Abstract 18213: Efficacious Lymphedema Treatment: Impact of an Advanced Pneumatic Compression Device on Health Outcomes and Costs
Introduction: Lymphedema (LE) is a common cardiovascular disease (CVD) that impairs quality of life and increases adverse clinical events and costs. LE is common in individuals with cancer undergoing treatment. Physical therapy, bandaging, compressive garments, and pneumatic compression devices (PCD) are used to reduce edema. Yet, the clinical and economic impact of LE treatment has never been evaluated in a representative insured population.
Hypothesis: To investigate whether the use of an advanced PCD (APCD) is associated with improved clinical outcomes and costs in a representative population.
Methods: Health claims were analyzed in a De-identified Normative Health Information database. The database includes >27 million individuals/year comprised of both commercially insured and Medicare Managed Care enrollees from a large USA national managed care health insurer (Optum, Inc). Individuals with a primary or secondary LE diagnosis code prescribed an APCD (Flexitouch®) between 2008-2013 were identified (n=718). Subgroup analysis was performed on a cancer-related LE cohort (n=374). Clinical outcomes included hospitalizations, clinic visits, cellulitis infections, and use of physical therapy. Per patient mean costs were measured in home health, emergency, hospital inpatient & outpatient and office visit settings.

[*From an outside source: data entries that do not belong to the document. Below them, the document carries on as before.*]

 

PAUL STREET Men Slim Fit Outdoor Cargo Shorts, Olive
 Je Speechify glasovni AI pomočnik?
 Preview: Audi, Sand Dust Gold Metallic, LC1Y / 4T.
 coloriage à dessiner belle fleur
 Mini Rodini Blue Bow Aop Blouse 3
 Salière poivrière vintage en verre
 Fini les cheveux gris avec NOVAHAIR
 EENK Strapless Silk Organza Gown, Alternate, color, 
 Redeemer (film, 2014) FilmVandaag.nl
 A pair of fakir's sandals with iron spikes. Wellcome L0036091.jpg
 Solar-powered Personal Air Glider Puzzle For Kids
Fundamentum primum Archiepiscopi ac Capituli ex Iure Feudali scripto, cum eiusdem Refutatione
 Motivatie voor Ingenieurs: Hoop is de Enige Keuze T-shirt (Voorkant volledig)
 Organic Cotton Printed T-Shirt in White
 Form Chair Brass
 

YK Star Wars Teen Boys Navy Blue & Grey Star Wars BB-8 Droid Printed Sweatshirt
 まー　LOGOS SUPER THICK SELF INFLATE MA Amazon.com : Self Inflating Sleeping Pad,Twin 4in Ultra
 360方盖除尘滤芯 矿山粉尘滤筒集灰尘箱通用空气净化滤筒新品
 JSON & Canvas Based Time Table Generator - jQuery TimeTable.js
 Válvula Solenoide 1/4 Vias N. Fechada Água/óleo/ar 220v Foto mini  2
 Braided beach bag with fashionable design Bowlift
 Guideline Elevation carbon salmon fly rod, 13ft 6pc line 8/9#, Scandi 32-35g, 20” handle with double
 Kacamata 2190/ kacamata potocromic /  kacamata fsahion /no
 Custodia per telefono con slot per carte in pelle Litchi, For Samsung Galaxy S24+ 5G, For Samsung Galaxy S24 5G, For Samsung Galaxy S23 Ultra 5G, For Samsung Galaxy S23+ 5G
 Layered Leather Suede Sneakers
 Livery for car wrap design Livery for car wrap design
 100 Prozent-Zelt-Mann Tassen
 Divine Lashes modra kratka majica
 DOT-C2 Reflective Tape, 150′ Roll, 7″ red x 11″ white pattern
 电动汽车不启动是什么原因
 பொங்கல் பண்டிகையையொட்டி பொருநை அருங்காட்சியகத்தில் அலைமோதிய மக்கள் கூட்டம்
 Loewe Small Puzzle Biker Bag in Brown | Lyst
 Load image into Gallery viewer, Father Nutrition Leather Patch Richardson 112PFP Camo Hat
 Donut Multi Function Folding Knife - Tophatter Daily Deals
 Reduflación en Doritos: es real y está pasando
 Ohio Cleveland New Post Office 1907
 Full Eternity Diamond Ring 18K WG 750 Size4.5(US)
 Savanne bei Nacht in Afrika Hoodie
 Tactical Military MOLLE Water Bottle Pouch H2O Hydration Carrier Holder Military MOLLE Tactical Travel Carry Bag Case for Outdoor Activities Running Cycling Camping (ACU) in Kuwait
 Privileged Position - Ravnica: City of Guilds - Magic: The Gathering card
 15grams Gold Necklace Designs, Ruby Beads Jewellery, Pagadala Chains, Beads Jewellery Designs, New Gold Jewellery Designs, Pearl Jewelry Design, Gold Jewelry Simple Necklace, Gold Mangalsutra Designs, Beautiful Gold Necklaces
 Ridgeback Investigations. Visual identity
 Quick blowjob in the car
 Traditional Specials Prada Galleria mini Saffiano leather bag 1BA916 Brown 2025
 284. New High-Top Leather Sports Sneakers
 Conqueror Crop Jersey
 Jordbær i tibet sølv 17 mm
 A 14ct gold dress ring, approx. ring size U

Results: APCD use was associated with a reduction in hospitalizations (28%), outpatient hospital visits (4%), cellulitis episodes (8%), and use of physical therapy (15%). Total costs prior to APCD treatment were $51,495 and APCD use was associated with a 17% total cost decrease 12 months after device use. Non-device related total LE costs were reduced by 36%; outpatient PT costs by 49%, and other outpatient hospital costs by 62%. In the cancer cohort, similar cost reductions were achieved (37% for total LE-related costs; 49% outpatient PT cost; and 55% other outpatient cost reductions).
Conclusions: APCD use for LE achieves the Triple Aim, achieving a striking improvement in individual clinical outcomes, improving population health, and lowering health costs. Cardiovascular specialists who treat patients with both cancer and edema are well positioned to improve the health of individuals affected by LE.
Author Disclosures: A.T. Hirsch: Employment; Significant; Tactile Medical. S. Hoy: Employment; Significant; Tactile Medical. P. Karaca Mandic: Consultant/Advisory Board; Modest; Tactile Medical.
- © 2014 by American Heart Association, Inc.